Pero, aunque ciertamente la
imagen es más impresionista que lógica, más emotiva que racional (cualquier
imagen, no sólo las de televisión) ello no le veta la riqueza significativa.
Hasta aquí, nada por lo que
debamos rasgarnos las vestiduras. Hay películas que exigen ser vistas en sala
de cine y punto. La televisión, a cambio -sobre todo si le añadimos un
magnetoscopio- ofrece otras posibilidades interesantes. Así -por seguir con el
cine- ciertos films que globalmente no nos interesan o no nos interesan tanto
como para repetir su visionado, pueden tener algunos minutos que deseemos
contemplar varias veces e incluso minuciosamente por diversas razones (siempre
que éstas no estén estrechamente ligadas a la calidad de la imagen y al rigor
del encuadre, claro, porque para eso la pantalla del monitor no sirve).
O dicho de otra manera: no es
inherente a la televisión la baja estofa de la mayoría de los relatos que nos
ofrece (tomando la palabra relato en el sentido en el que antes hemos hablado
de ellos y que incluiría, pues, casi toda la programación).
Si son vacuos y lelos, si buscan
insistentemente la espectacularidad y desprecian la densidad significativa, si
resultan esquemáticos y repetitivos, etc. es, fundamentalmente, porque así se
quiere.
Y es un grave problema porque,
si vivimos rodeados de relatos ramplones y fácilmente asimilables que nos confirman
nuestras tendencias más miedosas y maniqueas, podemos terminar careciendo de
pautas narrativas ricas. Pero, como ya dijimos anteriormente, nuestra vida no
se construye únicamente con versiones ligeras de la realidad. También
necesitamos otras que nos desestabilicen, que, en vez de negar la angustia, nos
ayuden a elaborarla.
Dijo Barthes cargado de razón:
"la mala imagen no es una imagen malvada sino una imagen mezquina".
Esta frase, además, es piedra de
toque para determinar el contenido semántico que le damos a la palabra
"telebasura" pues sería estúpido cambiar "Tómbolas" por
"Juegos florales" (o cosas peores aún, tal que mesas redondas
pretenciosas, rimbombantes y vacuas).
Fútbol, Pelícanos, mujeres
Puesto que la televisión no es
un medio adecuado para emitir una ópera, hay quien piensa que está reñida con
la calidad.

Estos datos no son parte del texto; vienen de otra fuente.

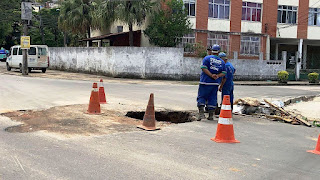 Rompimento de tubulação da Cedae volta a danificar asfalto na Rua Tietê, em Araras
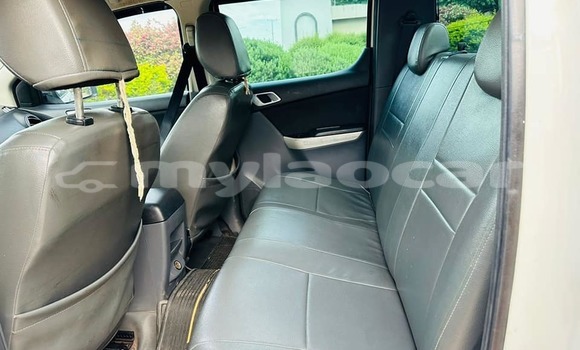 Buy Used Mazda BT-50 White Car in Vientiane in Vientiane Province Buy Used Mazda BT-50 White Car in Vientiane in Vientiane Province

Olvidan las posibilidades que ofrece. Así, por ejemplo, se presta
muy adecuadamente para tender puentes entre lo privado y lo público. Propicia
conexiones interesantes entre las dos matrices que Sunkel llama respectivamente
simbólica-dramática y racional-iluminista. Entre estructuras
lógico-explicativas y emotivas. Ciertamente, en la TV que tenemos, no se
aprovechan estas vías o se aprovechan mal, pero ahí están.
Y, a este propósito, me viene a
la memoria el artículo de Rubert de Ventós que, bajo el título Lo bueno de la tele mala, publicó El País (9-12-97). Decía su autor que
programas como el de Ana o de Mari Pau dan voz y legitiman ciertas experiencias
privadas porque las insertan en un "Orden de discurso que le permite a la
gente reconocerse, recuperar su legitimidad, salir de su escondite" y
dotan de normalidad lo que muchas personas viven. Aunque habría que matizar
algunos aspectos, comparto su opinión y añado: dan espacio público, legitiman
como experiencia digna de se contada y escuchada lo que muchas mujeres viven. Es una aportación muy importante de la
televisión y que, sin embargo, se comenta poco y casi nunca en tono positivo.
Para empezar, se suelen adjetivar del mismo y despreciativo modo todos los
programas en los que gente descocida habla sobre temas que hasta ahora no se
trataban nunca en foros públicos[2].
Es un craso error calificar del mismo modo despreciativo, por una parte,
programas que basan su gancho provocador en la presencia estelar del
"monstruito" de turno (invitado en su calidad de tal), la señora que
se cree embrujada y en cuya boca, según ella, sus enemigos echan ventosidades
pestilentes, los proféticos visionarios que aseguran que tienen trato íntimo
con extraterrestres y demás raleas y, por otra parte, programas donde diversas
personas, casi todas mujeres, cuentan experiencias que afectan a aspectos
importantes de su vida: amor y desamor, hijos, maridos, amantes,
descubrimientos, miedos y represiones personales, etc.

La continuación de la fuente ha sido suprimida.